Knowledge in science is a socially constructed phenomena. As Driver et. Al (1994) note, the language of science is not that of observing natural phenomena, but it is instead the language of the constructions which we use to explain it. There is no equation of force sitting out there in nature. It is a construction based on our observations of our environment. More over, it has been negotiated by generations of scientist into the form of F=MA that we see today.

We must acknowledge that such complex social constructions are not available in the environment for our students to simply access. We can lead them to the data that generated them, and they may recognize patterns within it, but the specific language of science must be learned through a process of cognitive apprenticeship and enculturation into the values and language of the discipline. As science educators, we can begin this process by modelling the believes, language, and processes of the scientific community for our students.

Within networked communities, participants engage in the ongoing construction of knowledge and meaning within a discipline. These communities are often a combination of students, amateur enthusiasts, and professionals. Each group can meaningfully contribute to the ongoing dialogue of the field. Students pose questions and may link ideas to novel metaphors and models. Amateur enthusiasts may find novel processes that reduce cost and barriers to entry. Professional have a wealth of knowledge and experience to share but might also be able to crowd source data and ideas to advance a given field.

To illustrate the above, let’s consider the Scratch programming environment. In this free, web-based, programming environment any of the above categories of participants are able to create programs with relative easy by using a drag and drop interface. Projects are readily shared throughout the community and Scratch enables commenting on, favouriting, and remixing of projects. The coding of each project is readily viewable by all participants and often provides scaffolding for more novice programmers to use to create their own projects. Complex projects may be designed by expert programmers but can be explored by novices. Forums allow novices to seek advice or for groups to collaborate together on a single project.

Driver, R., Asoko, H., Leach, J., Scott, P., & Mortimer, E. (1994). Constructing scientific knowledge in the classroom. Educational researcher, 23(7), 5-12.

## The benefits of plugging in: Tablets as cognitive tethers

This week, I had the opportunity to investigate Winn (2003), Aleahmad and Slotta, J. (2002), and Núñez (2012).

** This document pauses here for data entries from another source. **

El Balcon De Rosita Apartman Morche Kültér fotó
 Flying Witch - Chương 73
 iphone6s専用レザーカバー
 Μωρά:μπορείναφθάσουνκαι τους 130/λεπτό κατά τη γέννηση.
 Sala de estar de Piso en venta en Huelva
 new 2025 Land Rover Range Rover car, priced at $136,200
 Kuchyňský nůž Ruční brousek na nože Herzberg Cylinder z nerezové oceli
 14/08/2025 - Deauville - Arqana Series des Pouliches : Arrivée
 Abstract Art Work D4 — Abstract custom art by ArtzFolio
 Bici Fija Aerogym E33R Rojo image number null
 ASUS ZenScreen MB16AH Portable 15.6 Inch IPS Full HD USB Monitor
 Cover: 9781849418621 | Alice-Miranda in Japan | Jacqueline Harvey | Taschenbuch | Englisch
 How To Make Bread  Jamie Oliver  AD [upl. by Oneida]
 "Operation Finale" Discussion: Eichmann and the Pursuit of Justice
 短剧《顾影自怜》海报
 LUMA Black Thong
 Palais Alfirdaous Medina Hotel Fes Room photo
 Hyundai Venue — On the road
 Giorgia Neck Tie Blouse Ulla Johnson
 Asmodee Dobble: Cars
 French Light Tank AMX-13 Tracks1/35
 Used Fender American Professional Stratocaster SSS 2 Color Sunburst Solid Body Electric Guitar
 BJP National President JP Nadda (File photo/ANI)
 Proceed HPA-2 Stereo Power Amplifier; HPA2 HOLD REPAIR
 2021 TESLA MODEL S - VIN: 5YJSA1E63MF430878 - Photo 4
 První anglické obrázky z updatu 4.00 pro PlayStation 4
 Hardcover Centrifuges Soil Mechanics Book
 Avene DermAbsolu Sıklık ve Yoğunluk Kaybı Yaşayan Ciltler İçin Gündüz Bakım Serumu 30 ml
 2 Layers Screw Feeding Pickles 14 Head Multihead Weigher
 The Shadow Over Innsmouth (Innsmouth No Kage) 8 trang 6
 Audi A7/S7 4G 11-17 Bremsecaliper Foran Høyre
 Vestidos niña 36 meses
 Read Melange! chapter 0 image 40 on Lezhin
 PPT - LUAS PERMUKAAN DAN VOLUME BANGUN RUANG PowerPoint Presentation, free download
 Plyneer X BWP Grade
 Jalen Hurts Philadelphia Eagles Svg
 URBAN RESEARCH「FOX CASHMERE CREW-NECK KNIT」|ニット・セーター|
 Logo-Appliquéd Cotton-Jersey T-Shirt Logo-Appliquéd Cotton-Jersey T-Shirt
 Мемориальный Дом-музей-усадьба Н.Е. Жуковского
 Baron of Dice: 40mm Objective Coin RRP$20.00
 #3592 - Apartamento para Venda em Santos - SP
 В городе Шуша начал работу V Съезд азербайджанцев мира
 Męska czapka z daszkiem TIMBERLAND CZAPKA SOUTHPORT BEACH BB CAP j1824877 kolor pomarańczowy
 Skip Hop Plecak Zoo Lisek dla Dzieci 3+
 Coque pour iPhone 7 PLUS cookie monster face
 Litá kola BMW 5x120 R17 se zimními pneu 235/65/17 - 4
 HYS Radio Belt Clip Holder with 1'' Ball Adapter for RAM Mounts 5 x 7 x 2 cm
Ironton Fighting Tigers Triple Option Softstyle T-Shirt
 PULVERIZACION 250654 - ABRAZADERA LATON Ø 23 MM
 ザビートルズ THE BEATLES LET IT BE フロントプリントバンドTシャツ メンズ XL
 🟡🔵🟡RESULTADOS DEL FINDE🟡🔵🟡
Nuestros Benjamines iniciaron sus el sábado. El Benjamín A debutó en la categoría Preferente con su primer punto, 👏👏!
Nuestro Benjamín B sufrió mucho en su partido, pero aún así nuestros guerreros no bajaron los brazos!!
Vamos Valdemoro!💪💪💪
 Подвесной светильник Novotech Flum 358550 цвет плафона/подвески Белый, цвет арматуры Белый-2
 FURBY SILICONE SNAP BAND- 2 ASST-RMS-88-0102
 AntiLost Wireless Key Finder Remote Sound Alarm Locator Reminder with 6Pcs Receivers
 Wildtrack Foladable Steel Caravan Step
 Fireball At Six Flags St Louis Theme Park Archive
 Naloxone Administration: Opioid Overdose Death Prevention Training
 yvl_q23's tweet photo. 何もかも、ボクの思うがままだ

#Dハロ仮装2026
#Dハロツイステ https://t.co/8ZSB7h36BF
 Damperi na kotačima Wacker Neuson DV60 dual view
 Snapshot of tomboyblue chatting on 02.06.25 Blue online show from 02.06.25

Winn (2003) provides a robust reimagining of the constructivist framework in light of developments in neuroscience. Winn (2003) situates embodied learning as an outgrowth of both constructivist and information processing theories. Winn (2003) rejects the constructivist perspective that a learner’s constructions are to unique to be adequately measured. He asserts that, instead, an educational designer can make use of artificial environments add predictability to the constructions students might make.  With regards to information processing, Winn (2003) views the previous views as inadequate due to an exaggerated focus on symbol manipulation and insufficient exploration of their meaning. Winn expresses theory central tenants to the theory: That cognition is linked to our physical being (embodiment), that we are coupled to our environment (embeddedness), and that we influence, and are influenced by our environment (adaptation).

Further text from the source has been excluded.